Desire, Memory, and Poetry as a Form of Prayer

Achy Obejas’ “Boomerang/Bumerán” relishes the unique autobiography of poetry

A basket of lemons, several cut open, in a wicker basket on a green table
Photo by Merve Sehirli Nasir on Unsplash

I dropped from my mother’s mouth with an axe, a net of lemons to which I was allergic, a limp, and a pair of Ray-Bans that fit awkwardly on my nose,” says the speaker of “Waiting in Line with Hemingway,” from Achy Obejas’s recent bilingual collection of poems, Boomerang/Bumerán.

The humor here is mixed with a heavy dose of pathos, a reminder of how the sense-defying circumstances sometimes dealt us can often generate feelings of helplessness, making us believe we have little or no say in our own lives. And yet, Obejas reminds us that we do have at least some freedom of choice, as when, in the opening poem, “Boomerang, After Aime Cesaire,” the speaker declares: “I and I alone choose to be born on this island, to this family, on this day.” This singular sensibility, almost defiant in its insistence on the possibility of creating one’s own reality, is evident throughout this collection, perhaps nowhere more so than in the poet’s choice to embrace a nearly gender-free language in Spanish, a notoriously difficult task, and in so doing, begin to reimagine gendered ways of thinking and being in the world. 
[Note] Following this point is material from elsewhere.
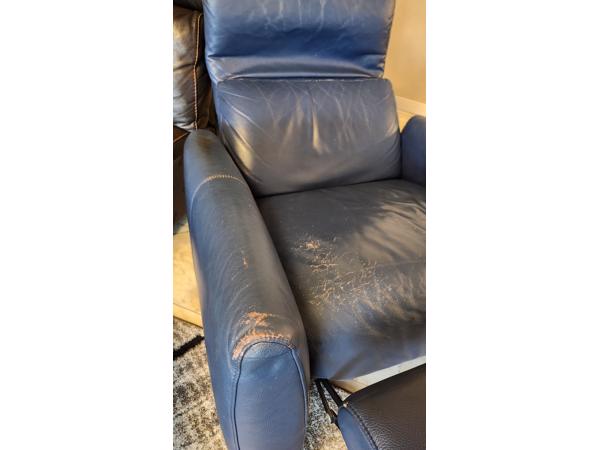 Echt lederen fauteuil van Montel donkerblauw
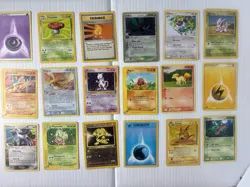 Lot of 105 Vintage Pokemon Cards Holos Good Condition - Image 5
Obejas’s identity as a Cuban-American, queer, Jewish woman looms large in these poems, which explore love and desire, questions of memory—both personal and collective—, the possibilities and pitfalls of gender, and the subversive power of poetry as a kind of prayer. Obejas and I spoke over Zoom in February, from our respective homes in Northern and Southern California, and later communicated via email. Our conversation, edited for length and clarity, follows:


Shoshana Olidort: How did you come up with the title for your book, Boomerang/Bumerán

Achy Obejas: The book is about this sort of constant return. I always feel like there’s this very cyclical, very circular returning that is always happening in my life in one way or another. I have the same friends from a million years ago in part because I’m constantly returning to those friends, for solace, and also for joy. In 1963, when I was 6, we left Havana in the middle of the night. There were 44 of us on a 28 foot boat. Midway through we’d run into a storm and ran out of fuel and were mercifully picked up by an American oil tanker that then detoured to drop us off. Because the world is very, very small, many, many, many years later, after I moved to California, I met the daughter of the captain of that ship and we became friends. It was a real circular sort of return.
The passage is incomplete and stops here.